Navigating market inertia and ambiguity
Written by anonymous with editorial contributions from Andrej Berlin
Recent lows or all-time highs
We are living in the land of extremes now, and the markets are in a bipolar, medium-term outcome situation—recession or a Minsky blow-off top. Either Donald Trump´s attempt to govern by Executive Orders will stand with regards to trade, tariffs, immigration, a new monetary order, etc., or, preliminary lower court findings will "percolate" to the Supreme Court, where most of Trump´s EOs will be legally struck down and deemed unconstitutional.
In the former case, markets should retest recent lows, if not lower.
In the latter situation, we return to Bidenomics after it becomes obvious that Trump has merely been staging a high-ratings reality TV show out of the Oval Office, with no impact on actual governance.

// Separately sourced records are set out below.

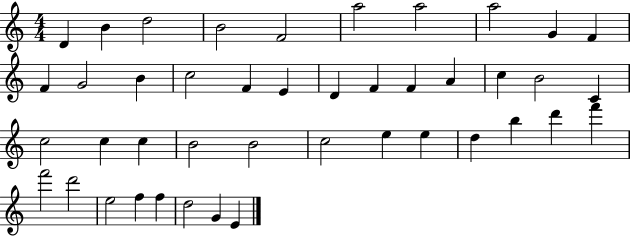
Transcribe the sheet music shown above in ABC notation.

X:1
T:Untitled
M:4/4
L:1/4
K:C
D B d2 B2 F2 a2 a2 a2 G F F G2 B c2 F E D F F A c B2 C c2 c c B2 B2 c2 e e d b d' f' f'2 d'2 e2 f f d2 G E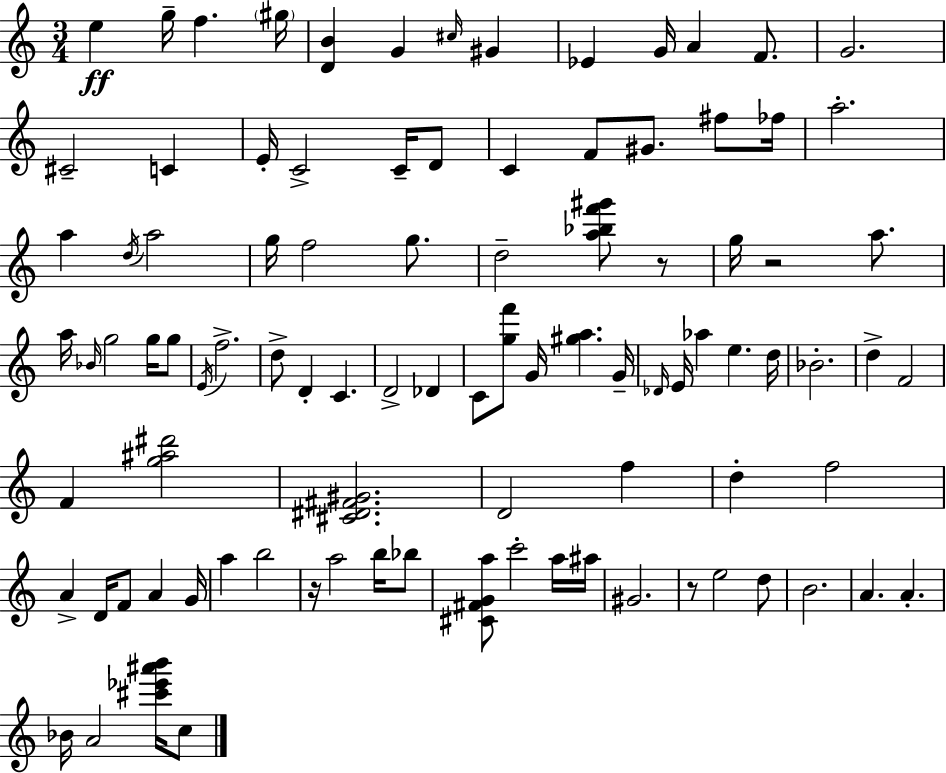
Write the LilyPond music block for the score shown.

{
  \clef treble
  \numericTimeSignature
  \time 3/4
  \key a \minor
  e''4\ff g''16-- f''4. \parenthesize gis''16 | <d' b'>4 g'4 \grace { cis''16 } gis'4 | ees'4 g'16 a'4 f'8. | g'2. | \break cis'2-- c'4 | e'16-. c'2-> c'16-- d'8 | c'4 f'8 gis'8. fis''8 | fes''16 a''2.-. | \break a''4 \acciaccatura { d''16 } a''2 | g''16 f''2 g''8. | d''2-- <a'' bes'' f''' gis'''>8 | r8 g''16 r2 a''8. | \break a''16 \grace { bes'16 } g''2 | g''16 g''8 \acciaccatura { e'16 } f''2.-> | d''8-> d'4-. c'4. | d'2-> | \break des'4 c'8 <g'' f'''>8 g'16 <gis'' a''>4. | g'16-- \grace { des'16 } e'16 aes''4 e''4. | d''16 bes'2.-. | d''4-> f'2 | \break f'4 <g'' ais'' dis'''>2 | <cis' dis' fis' gis'>2. | d'2 | f''4 d''4-. f''2 | \break a'4-> d'16 f'8 | a'4 g'16 a''4 b''2 | r16 a''2 | b''16 bes''8 <cis' fis' g' a''>8 c'''2-. | \break a''16 ais''16 gis'2. | r8 e''2 | d''8 b'2. | a'4. a'4.-. | \break bes'16 a'2 | <cis''' ees''' ais''' b'''>16 c''8 \bar "|."
}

In this instance, Trump´s days of fantasy emergency executive order la-la-land world governance will evaporate overnight and he will be forced to follow the Constitution and work through Congress, which will render his first three months in office a complete failure. The setback will push any of his desires out to 2026... in the meantime, we would be left with a markets gone wild situation: back to all-time highs and perhaps entering the Ponzi stage, leading to a Minsky blow-off top.
Of course, there is a third scenario, where we get both the former and the latter—a recession followed by a Minsky blow-off top, but that is a longer term scenario that we will deal with in a future piece.

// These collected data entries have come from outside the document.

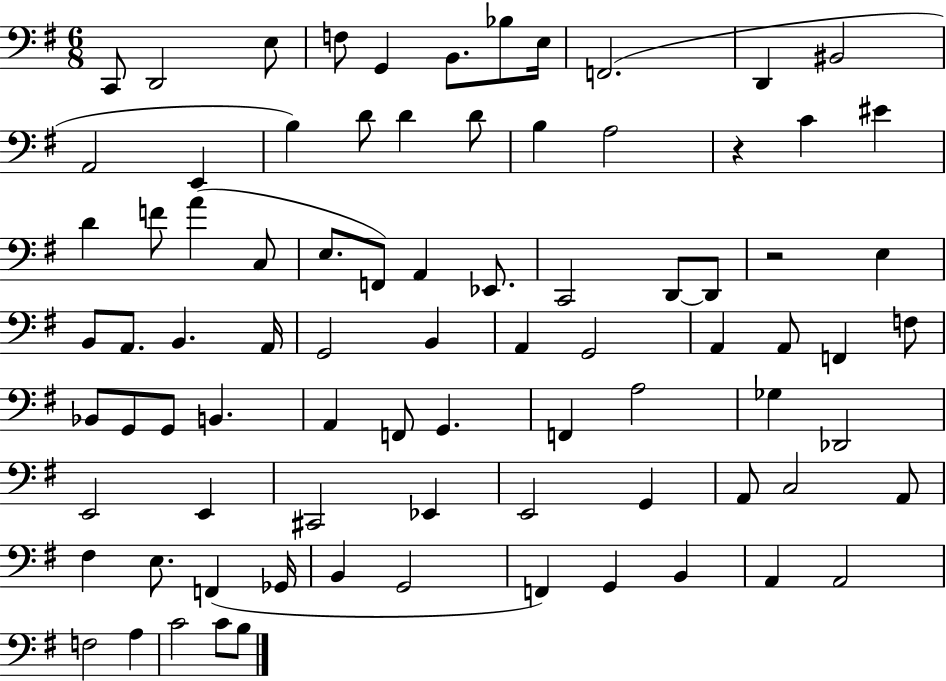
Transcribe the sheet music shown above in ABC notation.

X:1
T:Untitled
M:6/8
L:1/4
K:G
C,,/2 D,,2 E,/2 F,/2 G,, B,,/2 _B,/2 E,/4 F,,2 D,, ^B,,2 A,,2 E,, B, D/2 D D/2 B, A,2 z C ^E D F/2 A C,/2 E,/2 F,,/2 A,, _E,,/2 C,,2 D,,/2 D,,/2 z2 E, B,,/2 A,,/2 B,, A,,/4 G,,2 B,, A,, G,,2 A,, A,,/2 F,, F,/2 _B,,/2 G,,/2 G,,/2 B,, A,, F,,/2 G,, F,, A,2 _G, _D,,2 E,,2 E,, ^C,,2 _E,, E,,2 G,, A,,/2 C,2 A,,/2 ^F, E,/2 F,, _G,,/4 B,, G,,2 F,, G,, B,, A,, A,,2 F,2 A, C2 C/2 B,/2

It would be wise in either scenario to fade the Federal Reserve and any fintwit pundits feverishly posting about “liquidity”, “M2”, “QRA”, “QE”, “QT”, etc. These are merely clickbait memes, as the FED is dead and all rests on fiscal flows and the Trump agenda.
It seems a bit absurd to consider any risk-management strategy “reasonable” in the current climate, so we recommend a portfolio positioned for either outcome.
It’s a good reminder here that cash is an actual investment position. Being totally unallocated runs the risk of missing a Minsky blow-off top, and being overallocated is likely not great risk management. Personally, we are investing ~33% of our overall liquidity into fiat currency hedges, with the other ~67% in a cash Euro position in the event harder times are ahead and opportunities arise to add to our positions wisely.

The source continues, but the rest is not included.